◆ **Try it**
What you output must match the entries exactly, apart from the pictures, which are left out.

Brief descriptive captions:
----------
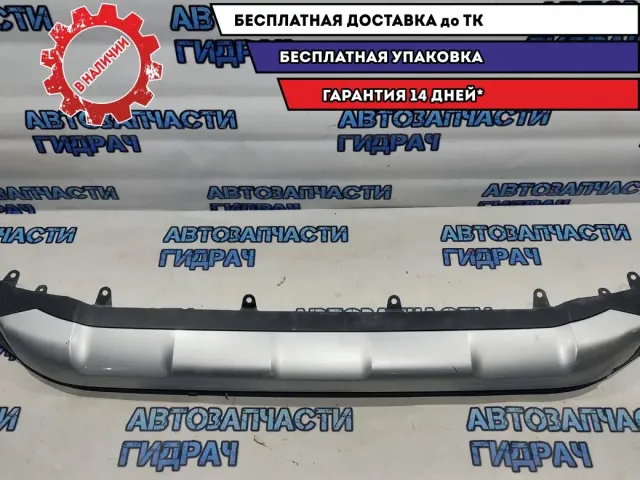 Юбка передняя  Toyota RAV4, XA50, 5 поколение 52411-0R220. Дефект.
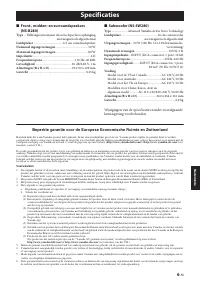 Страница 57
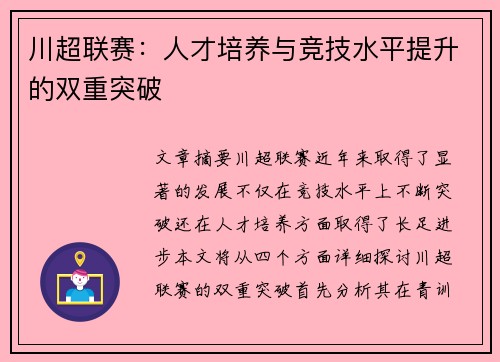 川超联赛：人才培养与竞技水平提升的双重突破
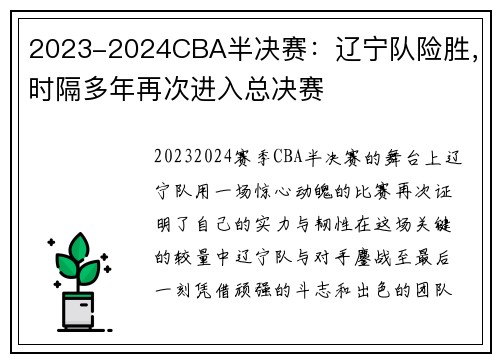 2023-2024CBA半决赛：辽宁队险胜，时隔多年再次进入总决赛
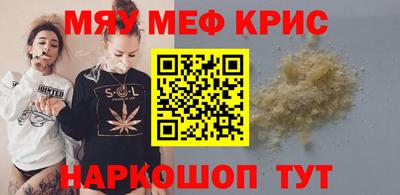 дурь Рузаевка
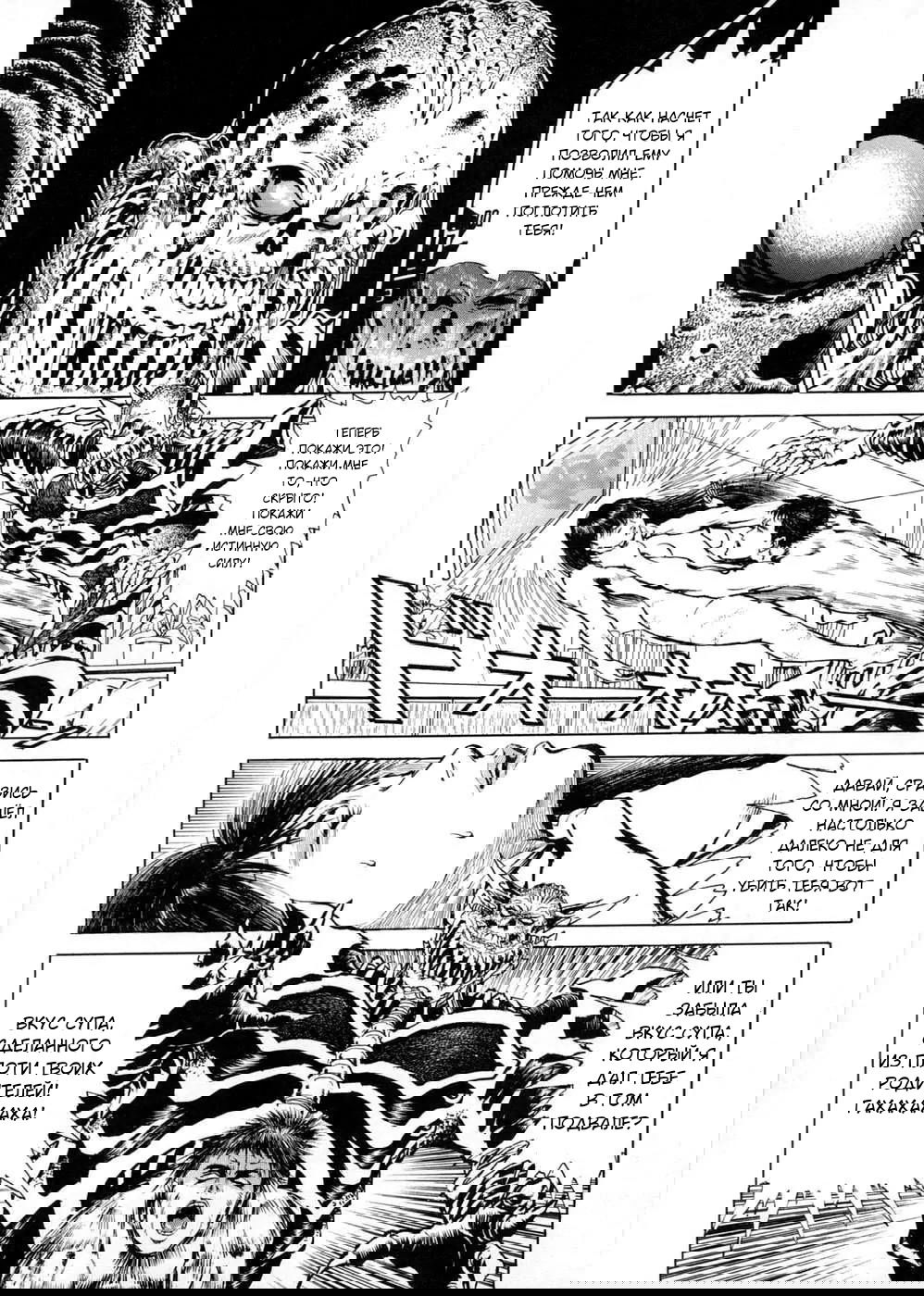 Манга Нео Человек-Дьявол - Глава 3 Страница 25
----------
◆ **Response for this exercise**
 Юбка передняя  Toyota RAV4, XA50, 5 поколение 52411-0R220. Дефект.
 Страница 57
 川超联赛：人才培养与竞技水平提升的双重突破
 2023-2024CBA半决赛：辽宁队险胜，时隔多年再次进入总决赛
 дурь Рузаевка
 Манга Нео Человек-Дьявол - Глава 3 Страница 25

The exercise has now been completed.